Sugar workers are not likely to receive any production bonus this year,
making it the first time in 64 years.
The claims of the non-payment were made yesterday by the Guyana Agricultural and General Workers Union (GAWU).
The union, the largest sugar union in Guyana, explained that the Annual Production Incentive (API) was previously known as Annual Production Bonus (APB). It came into being in 1952. The industry then was under private ownership.
“This incentive to a section of the productive workforce continued after nationalization which took place under the Administration of L.F.S. Burnham who assured the workers on Vesting Day – May 26, 1976 – that their “conditions of employment shall not be less favourable”. This commitment has been honoured until last year,” GAWU said in a statement yesterday.
According to the union, this year, from what can be determined, the Guyana Sugar Corporation Inc (GuySuCo) seemingly did not want in the first place to even discuss with the bonus.
“The corporation wrote to the union seeking the basis of its claim. GAWU, in response, pointed out that its claim is related to whatever quantity of sugar is produced, as is always, and no other factor.
Following the GAWU’s response, the corporation on November 24, 2016 engaged the Union in a session. “GuySuCo’s lead person at the meeting, apparently, was in a hurry to convey to the union’s delegation from the estates and union officials that the company’s financial position precluded any API award.”
Furthermore, GuySuCo advised that its position was consistent with its no pay rise position this year (2016).
“In fact, last year, the Corporation did not increase workers’ wages and salaries, however, it awarded a mere 2.72 days’ pay as API.”

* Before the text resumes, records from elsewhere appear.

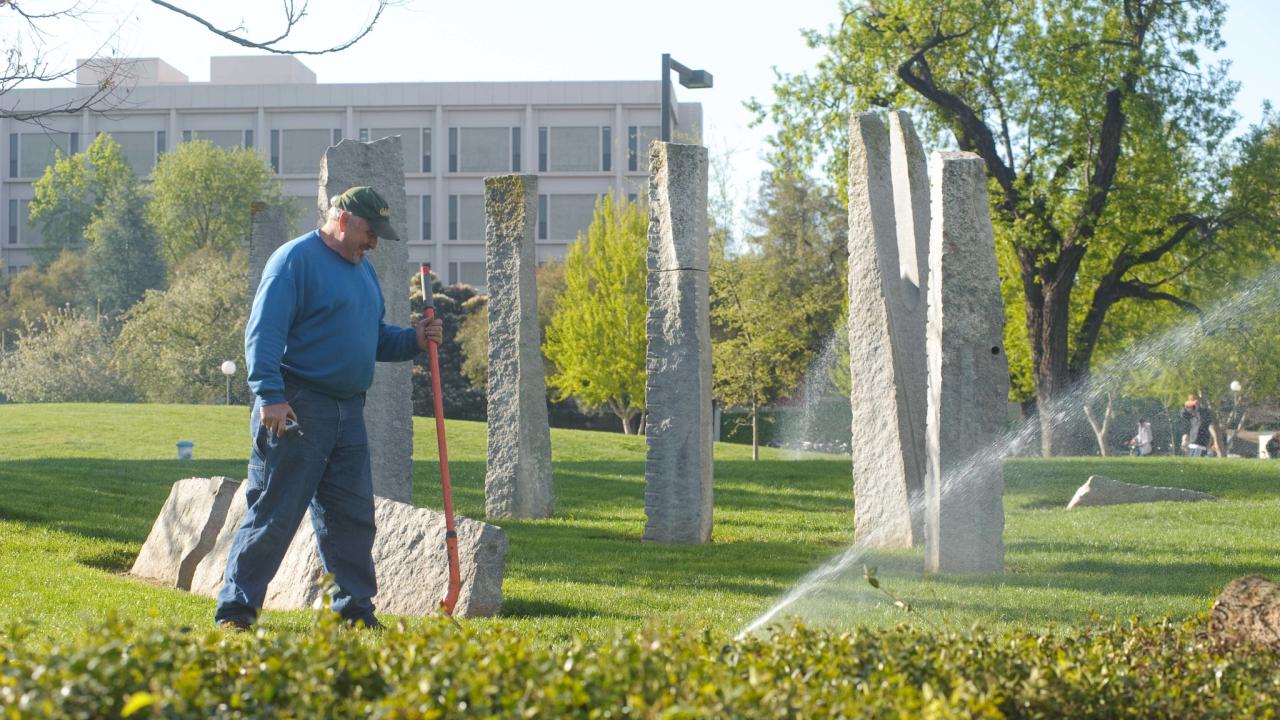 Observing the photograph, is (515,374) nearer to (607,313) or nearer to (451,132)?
(607,313)

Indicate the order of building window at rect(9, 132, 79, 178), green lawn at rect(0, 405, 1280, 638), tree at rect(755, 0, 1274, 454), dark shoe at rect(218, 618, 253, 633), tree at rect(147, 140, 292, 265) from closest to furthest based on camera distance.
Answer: dark shoe at rect(218, 618, 253, 633) → green lawn at rect(0, 405, 1280, 638) → tree at rect(755, 0, 1274, 454) → tree at rect(147, 140, 292, 265) → building window at rect(9, 132, 79, 178)

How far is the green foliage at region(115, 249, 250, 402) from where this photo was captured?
41938 millimetres

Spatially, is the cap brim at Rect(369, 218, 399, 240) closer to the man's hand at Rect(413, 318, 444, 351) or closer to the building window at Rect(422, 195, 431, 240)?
the man's hand at Rect(413, 318, 444, 351)

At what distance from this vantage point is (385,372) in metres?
12.3

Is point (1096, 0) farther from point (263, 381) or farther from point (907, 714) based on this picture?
point (907, 714)

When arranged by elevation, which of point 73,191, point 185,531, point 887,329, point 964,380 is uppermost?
point 73,191

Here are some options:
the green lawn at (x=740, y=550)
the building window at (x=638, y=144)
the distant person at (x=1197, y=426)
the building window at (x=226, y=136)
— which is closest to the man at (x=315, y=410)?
the green lawn at (x=740, y=550)

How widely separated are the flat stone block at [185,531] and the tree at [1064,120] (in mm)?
19028

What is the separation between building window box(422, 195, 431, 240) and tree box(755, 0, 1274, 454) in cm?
4406

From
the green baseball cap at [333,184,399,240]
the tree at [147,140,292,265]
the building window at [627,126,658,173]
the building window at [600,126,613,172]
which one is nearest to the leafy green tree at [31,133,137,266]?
the tree at [147,140,292,265]

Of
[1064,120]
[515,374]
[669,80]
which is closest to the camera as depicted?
[515,374]

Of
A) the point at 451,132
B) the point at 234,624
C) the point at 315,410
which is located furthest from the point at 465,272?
the point at 234,624

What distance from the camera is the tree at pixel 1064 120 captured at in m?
25.0

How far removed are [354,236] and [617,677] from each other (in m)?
3.36
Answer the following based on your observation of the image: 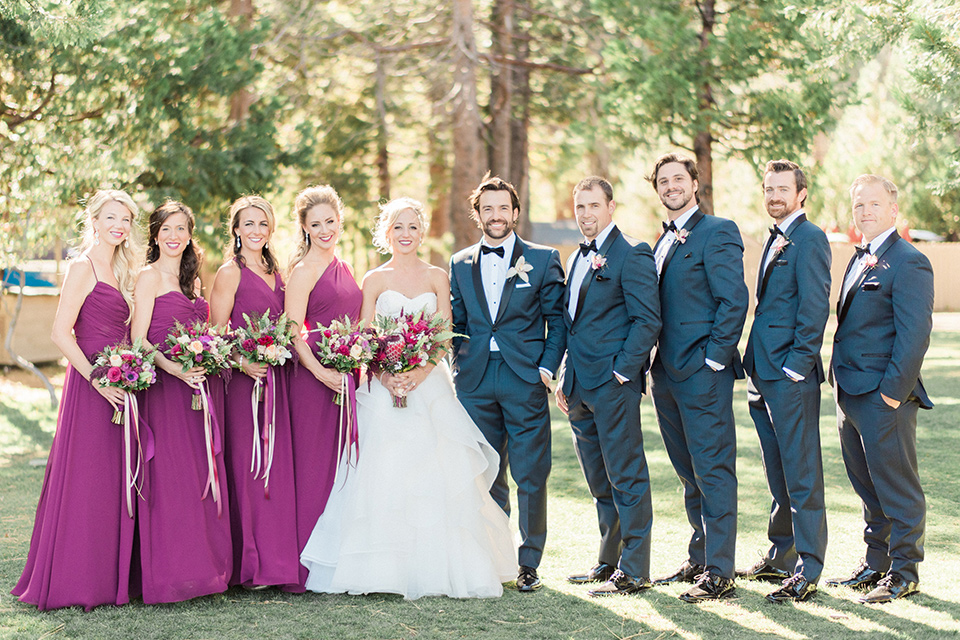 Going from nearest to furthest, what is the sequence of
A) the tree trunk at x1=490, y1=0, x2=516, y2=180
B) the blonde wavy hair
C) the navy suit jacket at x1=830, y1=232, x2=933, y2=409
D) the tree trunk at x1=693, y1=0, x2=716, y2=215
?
the navy suit jacket at x1=830, y1=232, x2=933, y2=409, the blonde wavy hair, the tree trunk at x1=693, y1=0, x2=716, y2=215, the tree trunk at x1=490, y1=0, x2=516, y2=180

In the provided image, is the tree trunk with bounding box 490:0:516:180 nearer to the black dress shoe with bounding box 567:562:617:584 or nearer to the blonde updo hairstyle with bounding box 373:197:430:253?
the blonde updo hairstyle with bounding box 373:197:430:253

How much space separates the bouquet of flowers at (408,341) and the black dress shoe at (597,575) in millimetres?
1589

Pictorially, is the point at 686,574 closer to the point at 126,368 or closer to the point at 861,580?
the point at 861,580

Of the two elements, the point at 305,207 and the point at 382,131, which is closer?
the point at 305,207

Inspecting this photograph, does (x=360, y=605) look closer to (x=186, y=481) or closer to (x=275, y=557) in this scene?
(x=275, y=557)

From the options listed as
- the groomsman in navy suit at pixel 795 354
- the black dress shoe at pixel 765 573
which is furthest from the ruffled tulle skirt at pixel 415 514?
the groomsman in navy suit at pixel 795 354

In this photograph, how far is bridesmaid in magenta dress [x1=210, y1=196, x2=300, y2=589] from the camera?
17.6 ft

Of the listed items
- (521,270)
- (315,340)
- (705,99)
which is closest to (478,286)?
(521,270)

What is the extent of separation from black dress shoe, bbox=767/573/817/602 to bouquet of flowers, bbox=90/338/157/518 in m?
3.60

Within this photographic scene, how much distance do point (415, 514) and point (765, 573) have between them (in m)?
2.11

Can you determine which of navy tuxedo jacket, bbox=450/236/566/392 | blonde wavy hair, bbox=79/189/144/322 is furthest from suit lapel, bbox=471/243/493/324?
blonde wavy hair, bbox=79/189/144/322

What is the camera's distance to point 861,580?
5.32 metres

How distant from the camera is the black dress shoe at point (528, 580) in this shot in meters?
5.44

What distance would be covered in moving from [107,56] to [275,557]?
29.8 ft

GAWU emphasized that in the previous years, whatever the level of sugar production, API was never denied to the workers.
“For instance, in 1990 the production was 129,920 tonnes sugar and in 2013 it was 186,665 tonnes, yet five (5) API days’ pay were awarded on each occasion. We need also to draw attention to the fact that despite the financial circumstances of the corporation, workers were not deprived of pay increases and API awards prior to year 2015.”
GAWU argued that it is generally accepted that denial of reasonable pay increases to workers is not only callous but it serves to erode workers’ standard of living.

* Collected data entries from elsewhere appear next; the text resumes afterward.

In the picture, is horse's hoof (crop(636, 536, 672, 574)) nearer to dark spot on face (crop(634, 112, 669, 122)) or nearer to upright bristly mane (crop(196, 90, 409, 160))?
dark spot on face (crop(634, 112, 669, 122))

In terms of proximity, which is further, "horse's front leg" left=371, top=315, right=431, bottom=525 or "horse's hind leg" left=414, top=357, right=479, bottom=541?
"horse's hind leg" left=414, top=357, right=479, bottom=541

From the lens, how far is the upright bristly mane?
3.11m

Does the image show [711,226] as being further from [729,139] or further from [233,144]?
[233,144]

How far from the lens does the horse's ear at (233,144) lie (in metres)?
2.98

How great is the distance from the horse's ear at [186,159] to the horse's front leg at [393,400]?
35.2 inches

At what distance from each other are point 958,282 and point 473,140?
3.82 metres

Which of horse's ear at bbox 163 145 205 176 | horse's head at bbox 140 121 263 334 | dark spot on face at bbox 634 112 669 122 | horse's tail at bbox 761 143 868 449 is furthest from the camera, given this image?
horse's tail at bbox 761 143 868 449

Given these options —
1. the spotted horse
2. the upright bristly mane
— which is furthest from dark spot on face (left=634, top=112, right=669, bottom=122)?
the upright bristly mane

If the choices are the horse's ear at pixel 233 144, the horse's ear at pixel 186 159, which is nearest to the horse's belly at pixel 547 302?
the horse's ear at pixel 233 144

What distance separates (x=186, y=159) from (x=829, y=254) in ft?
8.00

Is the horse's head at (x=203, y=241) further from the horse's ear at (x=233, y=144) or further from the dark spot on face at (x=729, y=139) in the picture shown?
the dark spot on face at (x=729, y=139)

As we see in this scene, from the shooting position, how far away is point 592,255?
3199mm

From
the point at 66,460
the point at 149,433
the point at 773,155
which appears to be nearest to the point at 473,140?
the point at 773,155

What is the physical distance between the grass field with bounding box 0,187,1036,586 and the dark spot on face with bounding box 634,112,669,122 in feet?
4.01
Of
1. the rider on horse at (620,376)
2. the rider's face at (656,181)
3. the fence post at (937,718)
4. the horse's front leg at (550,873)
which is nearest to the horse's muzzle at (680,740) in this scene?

“It is even more obnoxious and counter-productive when really such a step can be avoided. The authorities are dangling the ‘debt’ question of the industry as their reason to not give the hard-working sugar workers an upward wage/salary adjustment critical to them. But we wonder if the ‘debt’ reason is universally applied. Certainly not.
The union said that no wage rise for 2015 and 2016 and no API in 2016 constitute a blatant assault on the 18,000 sugar workers and represent a most crude and cruel treatment of the workers.
“No Government since independence in 1966 has ever been so unfair to the sugar workers. Such measures, as myriad experiences have shown, will not augur well for the industry. The turnaround of the industry is not being promoted but an aggravation of the industry’s problems and, sadly, a degradation of the well-being of its employees, our fellow citizens, lives.”
GuySuCo is facing severe financial problems with production to reach a mere 180,000-plus tonnes, as compared to the 127,000 tonnes last year.
GuySuCo owes over $80B to suppliers and other creditors and has decided to close Wales sugar estate. It has also announced plans to place some of the lands under rice.
The state company has been racking up consistent losses in the last decade with consecutive government forced to dole out billions of dollars in bailout annually.
The industry has over 18,000 workers and is the largest state employer.